Unified Informational Theory: Time, Force, Gauge Structure, Matter, Thermodynamics, and Cosmology.

What is time?

Unified Informational Theory develops an information registration based framework, in which physical time is defined through the writing of distinguishable information relative to the entropic cost of that writing.

The manuscript begins from three informational sectors: potential information, distinguished information, and dispersed information.

Their ratio defines a dimensionless informational time variable, while the local clock-rate field

                                    χ = dτ/dt

expresses the physical capacity to write proper time, under informational load.

The same capacity law is then used to reinterpret the relativistic sectors.

Information describing motion consumes part of a finite informational bandwidth, and the residual information available for writing time gives the Lorentz factor.

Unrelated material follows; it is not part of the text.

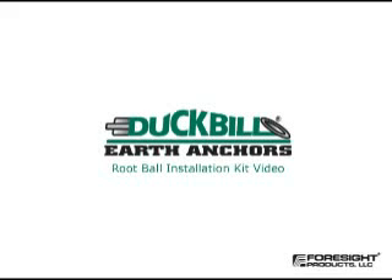Duckbill Root Ball Kits, a complete underground tree support system.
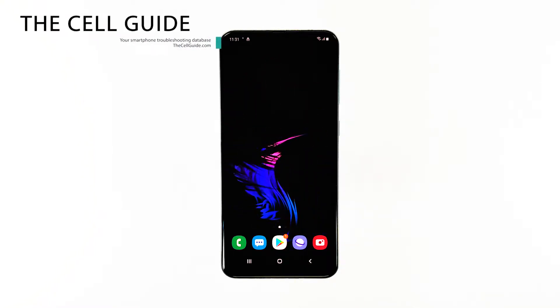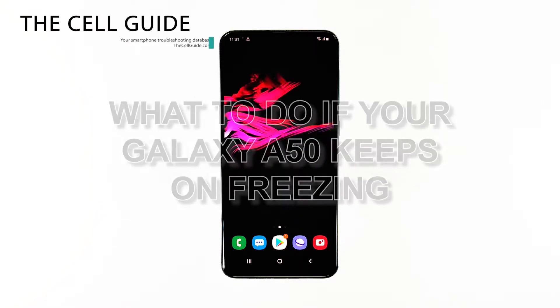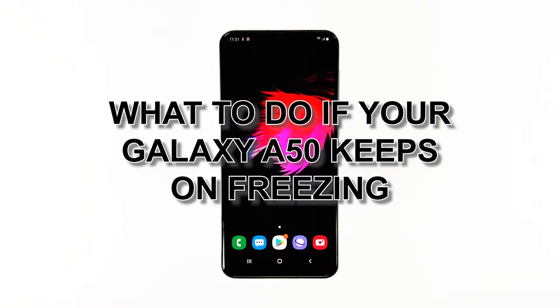Hey guys, I'm Harold from thecellguy.com, and in this video I will be showing you what to do if your phone keeps on freezing.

Mass-related informational consumption is radial, and the residual information available for writing time gives the Schwarzschild clock-rate structure.

In this reading of spacetime, temporal geometry is expressed as reduced registration capacity, while spatial geometry is expressed as the available configuration capacity for writing distinguishable information.

The framework is extended by completing the clock-rate field with internal phase:

                                    Ξ = χe⁻ⁱᵠ

The clock-rate branch of this field gives inertial, gravitational, thermodynamic, and diffusion-like behavior.

The phase branch gives gauge structure, electromagnetic curvature, quantum phase evolution, and coherent transport.

Later sections develop the weak force, as a rewriting mechanism, the strong force is internal phase time closure, toroidal matter structure and the electron are developed at the Plank level, cosmological implications that are understood under the informational time action, and an empirical test involving driven coherent transport above the equilibrium critical temperature is predicted and tuned.

The central proposal is that familiar physical sectors can be organized as projections of one deeper process: the realization of physical information through phase-time and entropy.